Corporate Governance

The Board places great emphasis on sound corporate governance and intends to comply with the principles of the "UK Corporate Governance Code 2012" (the "Code") published by the Financial Reporting Council.

The Code recommends that the Board should include a balance of Executive and Non-Executive Directors (and, in particular, independent Non-Executive Directors), such that no individual or small group of individuals can unduly influence or dominate the Board's decision making. The Code further recommends that at least half of the Board, excluding the Chairman, should comprise Non-Executive Directors determined by the Board to be independent, and that one Non-Executive Director should be nominated as the Senior Independent Non-Executive Director. Lamprell complies with these requirements.

Lamprell currently has four Non-Executive directors as well as the Chairman, and three of the Non-Executive Directors are considered by the Board to be independent. John Kennedy is the Non-Executive Chairman and he was independent on the date of his appointment on 15 June 2012.  Michael Press is Lamprell's Senior Independent Non-Executive Director and Chair of the Remuneration Committee.  Ellis Armstrong is Chair of the Audit & Risk Committee and John Malcolm is the Chair of the Nomination & Governance Committee. Peter Whitbread is the final Non-Executive Director but he is not considered to be independent by virtue of him having been an Executive Director until mid-2013. Nevertheless, at least half the Board is therefore made up of Non-Executive Directors who are considered by the Board to be independent.

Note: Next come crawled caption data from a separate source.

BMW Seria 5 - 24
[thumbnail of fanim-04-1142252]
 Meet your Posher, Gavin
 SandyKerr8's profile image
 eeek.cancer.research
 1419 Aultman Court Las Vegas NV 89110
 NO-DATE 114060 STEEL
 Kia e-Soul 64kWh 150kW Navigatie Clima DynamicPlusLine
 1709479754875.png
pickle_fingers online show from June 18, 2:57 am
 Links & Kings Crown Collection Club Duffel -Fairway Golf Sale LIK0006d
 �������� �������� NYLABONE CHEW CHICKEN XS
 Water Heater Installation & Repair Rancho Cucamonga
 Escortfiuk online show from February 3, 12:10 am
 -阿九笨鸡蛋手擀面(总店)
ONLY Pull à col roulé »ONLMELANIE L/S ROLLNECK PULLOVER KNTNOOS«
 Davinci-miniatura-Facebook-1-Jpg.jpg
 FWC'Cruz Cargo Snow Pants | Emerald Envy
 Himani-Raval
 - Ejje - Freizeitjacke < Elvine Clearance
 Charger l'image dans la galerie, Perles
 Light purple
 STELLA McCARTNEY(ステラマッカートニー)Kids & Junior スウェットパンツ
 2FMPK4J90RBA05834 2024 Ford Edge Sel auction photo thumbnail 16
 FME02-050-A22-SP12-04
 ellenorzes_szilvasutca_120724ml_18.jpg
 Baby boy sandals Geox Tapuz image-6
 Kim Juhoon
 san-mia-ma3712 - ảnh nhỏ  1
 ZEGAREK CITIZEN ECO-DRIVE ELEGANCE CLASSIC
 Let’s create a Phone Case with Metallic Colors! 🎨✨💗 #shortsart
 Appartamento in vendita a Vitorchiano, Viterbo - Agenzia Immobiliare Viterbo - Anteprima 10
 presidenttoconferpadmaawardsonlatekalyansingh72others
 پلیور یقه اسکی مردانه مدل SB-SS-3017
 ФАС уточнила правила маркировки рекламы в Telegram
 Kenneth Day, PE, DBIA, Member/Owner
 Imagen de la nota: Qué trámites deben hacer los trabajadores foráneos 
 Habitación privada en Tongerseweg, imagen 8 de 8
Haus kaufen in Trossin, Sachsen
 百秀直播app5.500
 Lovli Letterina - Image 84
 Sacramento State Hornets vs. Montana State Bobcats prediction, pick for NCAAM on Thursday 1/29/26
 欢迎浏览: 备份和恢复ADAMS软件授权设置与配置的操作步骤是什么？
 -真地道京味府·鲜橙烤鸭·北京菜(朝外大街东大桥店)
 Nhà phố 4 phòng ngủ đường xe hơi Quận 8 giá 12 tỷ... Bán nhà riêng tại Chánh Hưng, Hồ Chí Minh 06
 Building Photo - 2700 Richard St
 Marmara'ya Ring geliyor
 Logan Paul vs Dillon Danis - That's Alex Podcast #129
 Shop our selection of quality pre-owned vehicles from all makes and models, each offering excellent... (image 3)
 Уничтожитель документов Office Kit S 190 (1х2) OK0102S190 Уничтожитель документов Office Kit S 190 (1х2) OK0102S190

Description of the responsibilities of the members of the Company's Board of Directors

The Board takes ultimate responsibility for the welfare of the Company by guiding and monitoring the Company's business affairs. The Board meets regularly throughout the year (at least six times). The Board is responsible for formulating, reviewing and approving the Company's strategy, financial activities and operating performance. The day to day management of the Company's resources is delegated to a senior management team, under the leadership of the Chief Executive Officer, facilitating prompt decision making.

The Board, through the Chairman and Executive Directors in particular, maintains regular contact with the Company's advisors and financial public relations consultants in order to ensure that the Board develops an understanding of the views of shareholders.

A Director must declare any conflict of interest and Directors may not participate in discussions or resolutions pertaining to any matter in which the Director has a material personal interest without Board approval.

In discharging their duties, Non-Executive Directors are provided with direct access to senior management and outside advisors and auditors. Board Committees and individual Directors may, with the Chairman's approval, seek independent professional advice at the Company's expense in order to perform their duties.

The Board has established three principal Committees, namely the Audit & Risk, Remuneration and Nomination & Governance Committees and each of these Committees has a written Terms of Reference which is available for viewing on this website.